[users@httpd] Using SessionMaxAge without setting Max-Age in cookies?

[Niels Harremoes <Ni...@rm.bkvibro.com>]

Hi!
I am using apache 2.4, mod_auth_form and mod_session with cookie based sessions.
I would like my sessions to expire after 15 minutes of inactivity - so I set
SessionMaxAge 900

However, I also need my sessions to expire when the user closes the browser. Unfortunately, the cookie header sent looks like
    Set-Cookie: session=Private-user=someUser&Private-pw=thePassword&expiry=1386227882551049;Max-Age=900;path=/;HttpOnly

I have temporarily turned off SessionCryptoPassphrase for debugging - I know that I must turn it back on for production.
The problem is the ";Max-Age=900". This makes the cookie persistent in the browser, so that even if the browser is closed, the session will still be valid if a new browser session is started within 15 minutes.
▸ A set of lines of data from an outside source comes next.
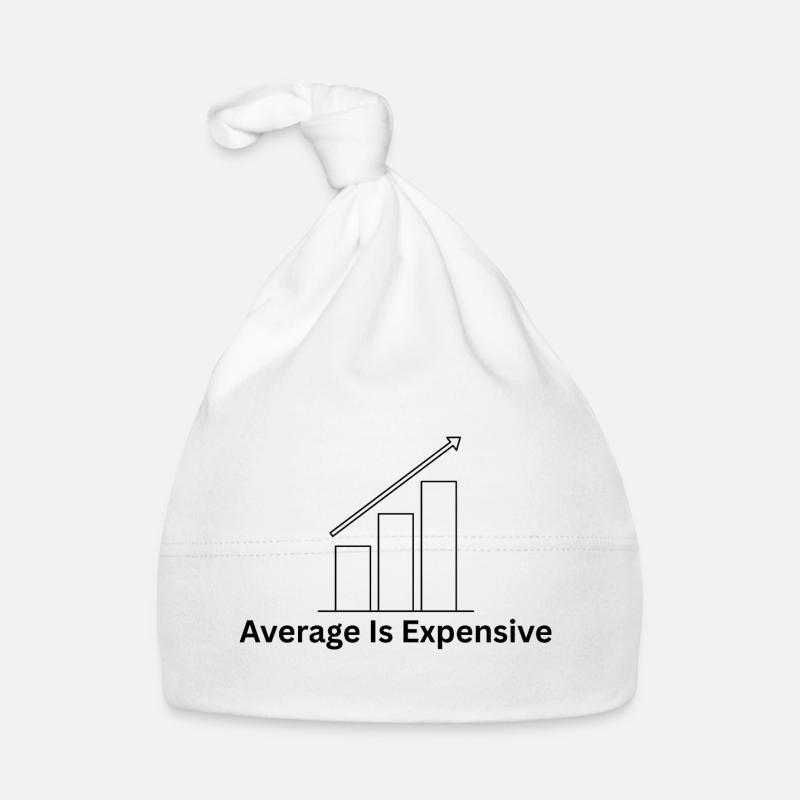 Average Is Expensive – Business Mindset Baby Bio-Mütze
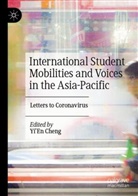 Yi¿En Cheng, YiEn Cheng, Yi'En Cheng - International Student Mobilities and Voices in the Asia-Pacific
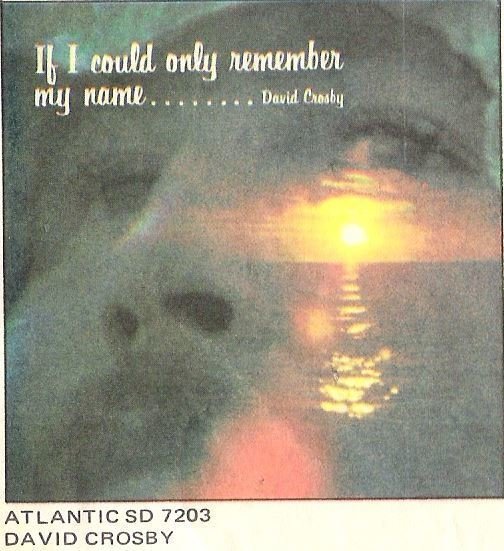 Crosby, David / If I Could Only Remember My Name / 1971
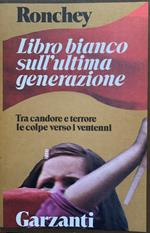 Libro bianco sull'ultima generazione. Tra candore e terrore verso i ventenni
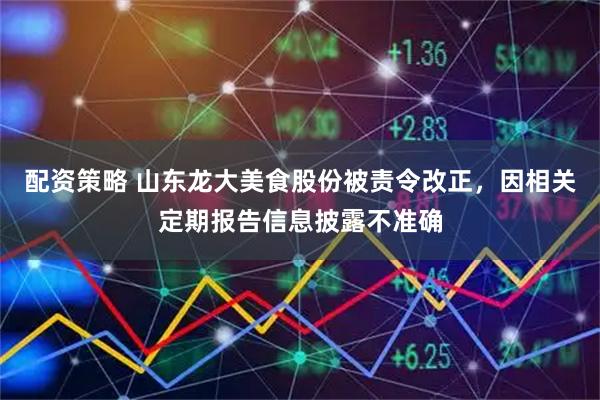 配资策略 山东龙大美食股份被责令改正，因相关定期报告信息披露不准确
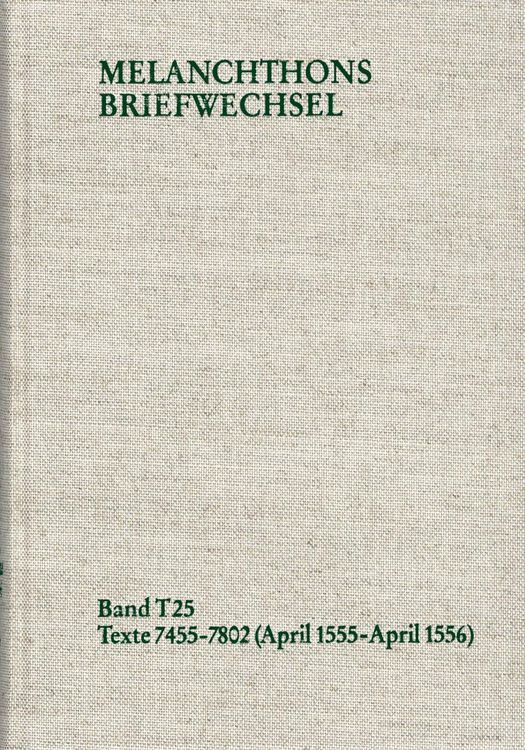 Produktbild: Melanchthons Briefwechsel / Textedition. T 25: Texte 7455-7802 (April 1555-April 1556)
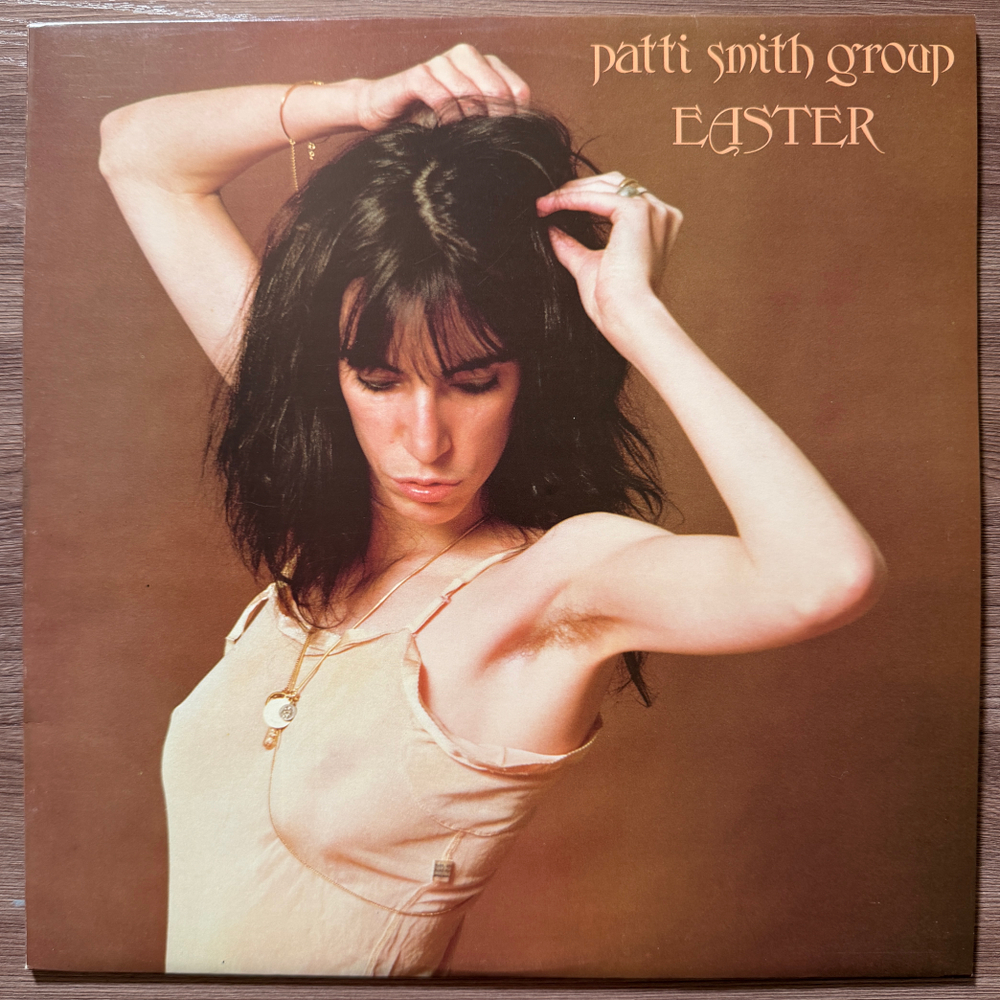 Patti Smith Group ‎– Easter (Швеция 1978г.) Т
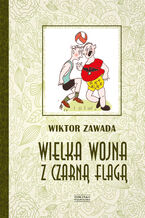 Okładka - Wielka wojna z czarną flagą - Wiktor Zawada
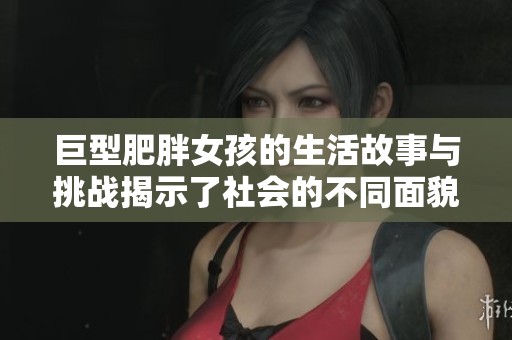 巨型肥胖女孩的生活故事与挑战揭示了社会的不同面貌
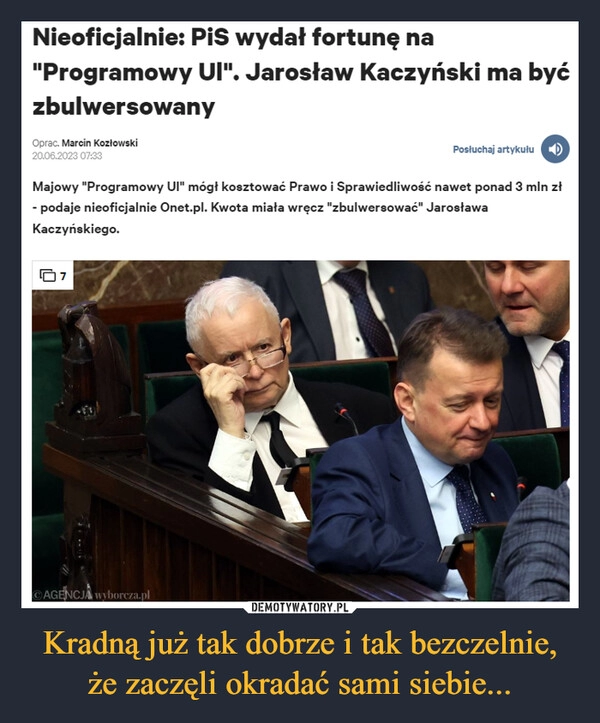 
    Kradną już tak dobrze i tak bezczelnie, że zaczęli okradać sami siebie...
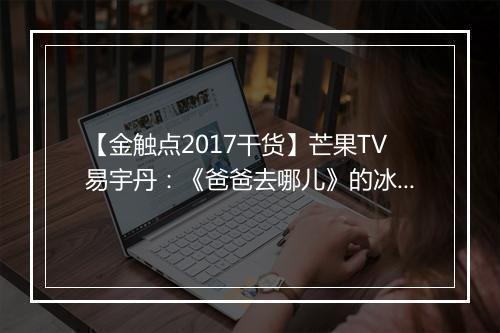 【金触点2017干货】芒果TV易宇丹：《爸爸去哪儿》的冰与火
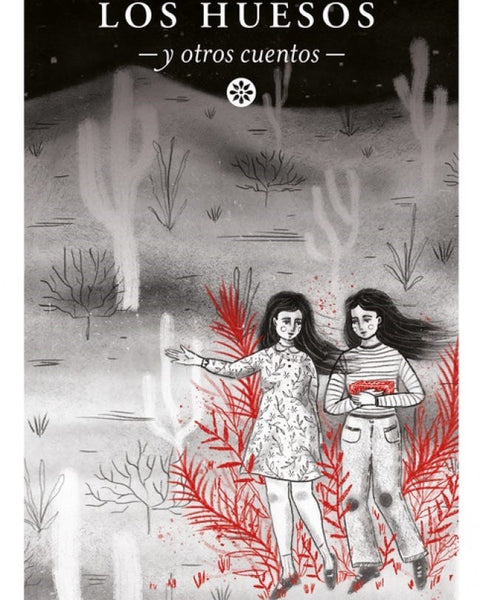 LOS HUESOS Y OTROS CUENTOS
The requirement is that closing the browser will end the session.

Can I avoid the "Max-Age=900" and still have server-side session expiration?

I have tried using mod_headers to rewrite the set-cookie header:

Header edit Set-Cookie ;Max-Age=900; ;

This will rewrite the Set-Cookie header to
    Set-Cookie: session=Private-user=someUser&Private-pw=thePassword&expiry=1386227882551049;path=/;HttpOnly
as desired - but only the last one

But mod_session_cookie sends the set-cookie header twice - and apparently only the last header is being rewritten by mod_rewrite?
It seems like recent versions of Internet Explorer and Chrome will use the last definition, but I'm not sure I can rely on that.